## Given records
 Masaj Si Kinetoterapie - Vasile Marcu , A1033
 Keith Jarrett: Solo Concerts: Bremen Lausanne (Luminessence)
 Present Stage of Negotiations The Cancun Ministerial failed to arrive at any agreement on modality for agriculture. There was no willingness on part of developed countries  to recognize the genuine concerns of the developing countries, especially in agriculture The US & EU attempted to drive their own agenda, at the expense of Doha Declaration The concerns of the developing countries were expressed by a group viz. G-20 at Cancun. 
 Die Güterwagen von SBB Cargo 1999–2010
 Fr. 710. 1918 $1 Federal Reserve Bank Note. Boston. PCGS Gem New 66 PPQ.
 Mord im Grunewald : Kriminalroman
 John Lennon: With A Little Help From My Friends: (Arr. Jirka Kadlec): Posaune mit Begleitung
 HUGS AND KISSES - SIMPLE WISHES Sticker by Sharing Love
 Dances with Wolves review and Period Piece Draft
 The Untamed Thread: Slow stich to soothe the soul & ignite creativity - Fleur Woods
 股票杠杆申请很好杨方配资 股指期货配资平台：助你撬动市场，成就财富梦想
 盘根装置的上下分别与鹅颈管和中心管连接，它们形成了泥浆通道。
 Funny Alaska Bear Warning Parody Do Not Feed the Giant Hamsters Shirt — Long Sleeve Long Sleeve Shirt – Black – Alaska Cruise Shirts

## Problem statement
What you return should be only the lines from the line containing "股票杠杆申请很好杨方配资 股指期货配资平台：助你撬动市场，成就财富梦想" through the end of the material above, reproduced exactly, first and last included.

## Exercise response
 股票杠杆申请很好杨方配资 股指期货配资平台：助你撬动市场，成就财富梦想
 盘根装置的上下分别与鹅颈管和中心管连接，它们形成了泥浆通道。
 Funny Alaska Bear Warning Parody Do Not Feed the Giant Hamsters Shirt — Long Sleeve Long Sleeve Shirt – Black – Alaska Cruise Shirts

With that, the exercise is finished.